Below are the records; return exactly the lines from the one with "10 PCS — Color, Long." through the final line, both included, minus any pictures.

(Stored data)
_ _ _ _
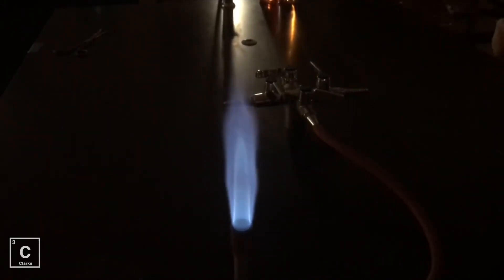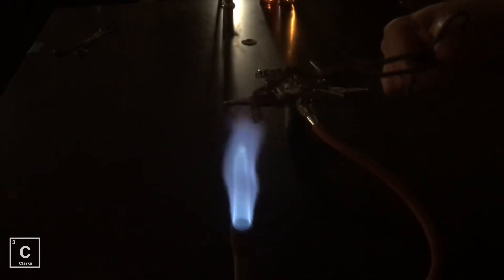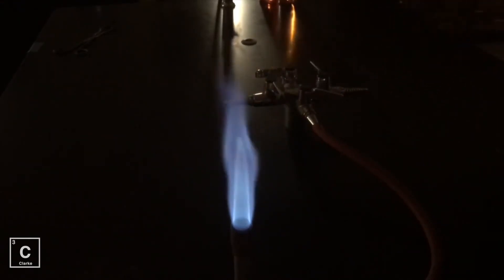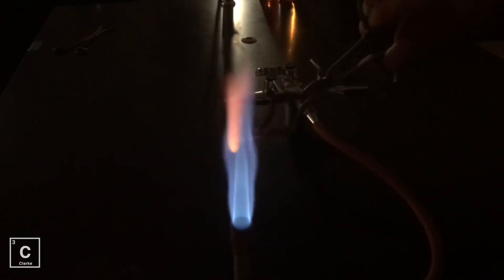First, I'm going to do the tip of the outer cone. Start — it's red. Next, I'm going to do the tip of the inner cone. Start — it's red.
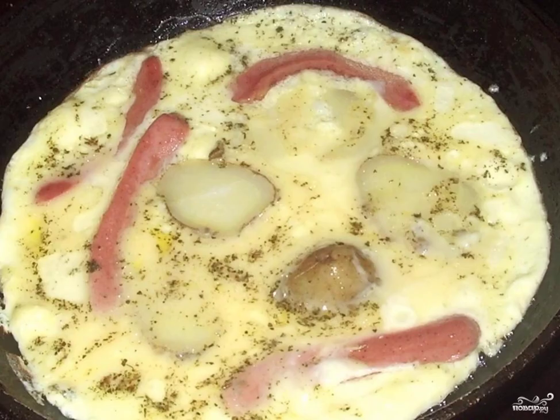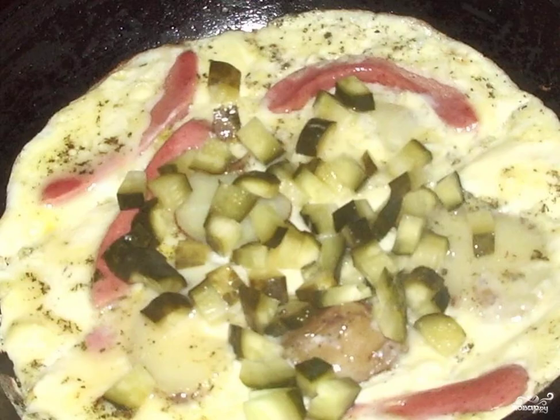First, put the sliced potatoes and sausages in a frying pan with vegetable oil. Fry a little and pour the egg milk mass. Finely chop the pickles and put them on top of the scrambled eggs about two minutes before cooking.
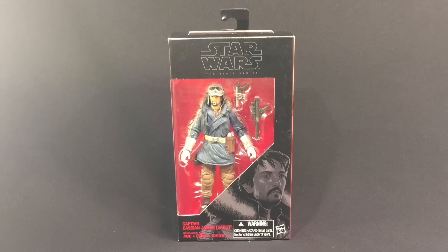Hey guys, Ultimate Toy Collector here. We're going to take a look at number 23 from the Star Wars Black Series: Captain Cassian Andor. This is essentially the second figure in this wave, which will kick off the Rogue One figures, launching on September 30th — officially Forced Friday — kicking off some midnight madness.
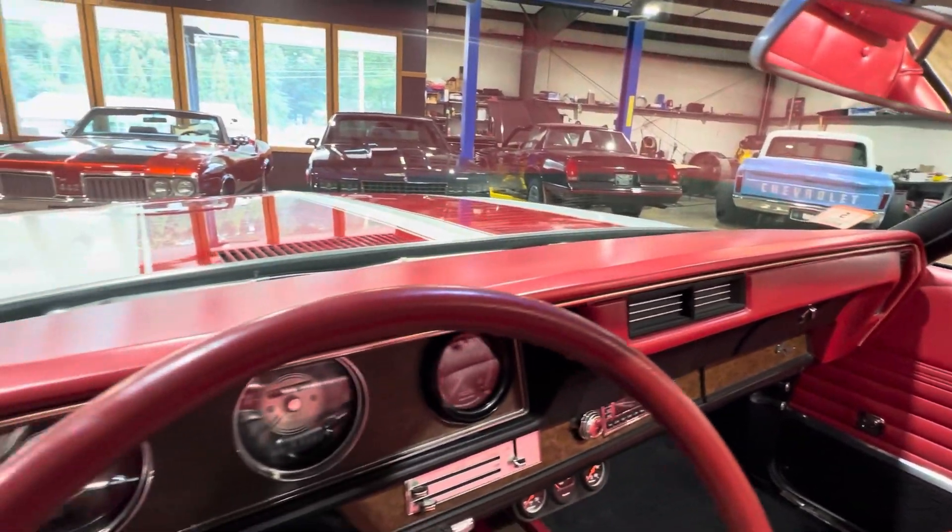The brightwork shines up nice. Like I said, the bumpers, headlight bezels — all the chrome on this car is in really, really good original shape. Not perfect, that's driver quality stuff, but this one is super nice. You can pull up anywhere in this car.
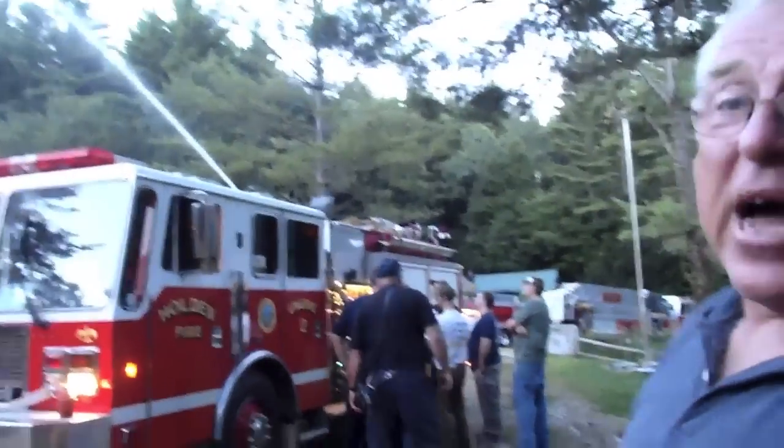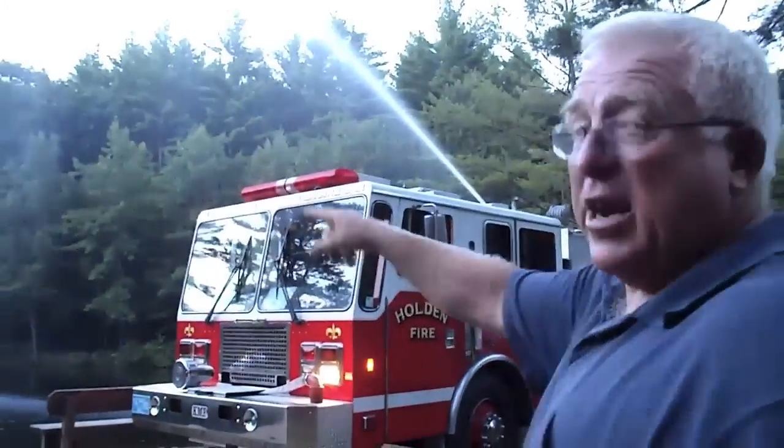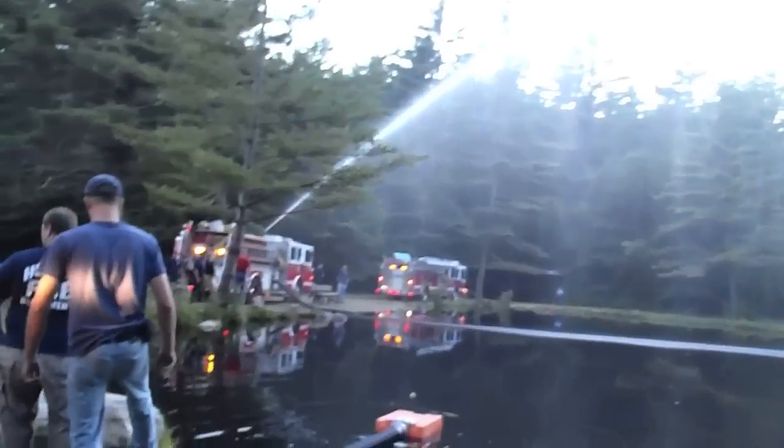They've finally done it. Now they're drawing the water all the way from the pump. We'll be in business. Great.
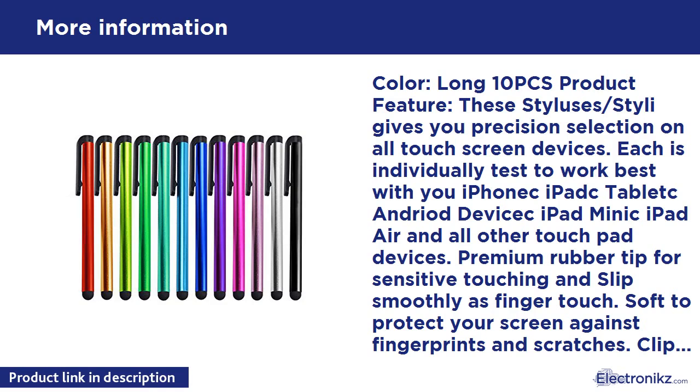10 PCS — Color, Long. Product features: these styluses, or styli, give you precision selection on all touch screen devices. Each is individually tested to work best with your iPhone, iPad, Tablet, Android device, iPad Mini, iPad Air, and all other touch pad devices.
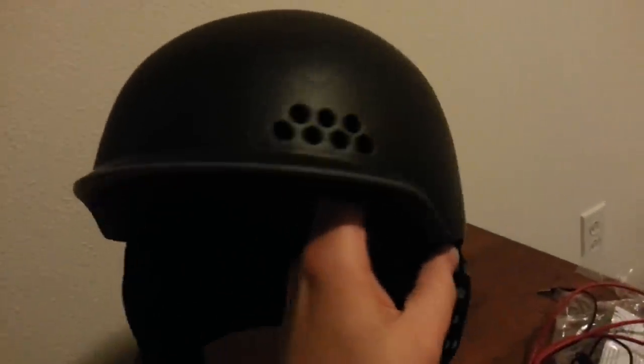It looks really sick. Nice little air vents here kept me ventilated. There are little tracks up top and the airflow runs out the back in two places.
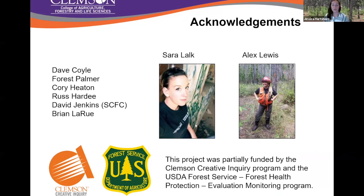This work was partially done through a Creative Inquiry program, which is an undergraduate research program, and Sarah is my new PhD student who just started this fall. I also have several other people who have helped find sites, collect data, and all that good stuff.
_ _ _ _
- **TASK OUTPUT**
10 PCS — Color, Long. Product features: these styluses, or styli, give you precision selection on all touch screen devices. Each is individually tested to work best with your iPhone, iPad, Tablet, Android device, iPad Mini, iPad Air, and all other touch pad devices.
It looks really sick. Nice little air vents here kept me ventilated. There are little tracks up top and the airflow runs out the back in two places.
This work was partially done through a Creative Inquiry program, which is an undergraduate research program, and Sarah is my new PhD student who just started this fall. I also have several other people who have helped find sites, collect data, and all that good stuff.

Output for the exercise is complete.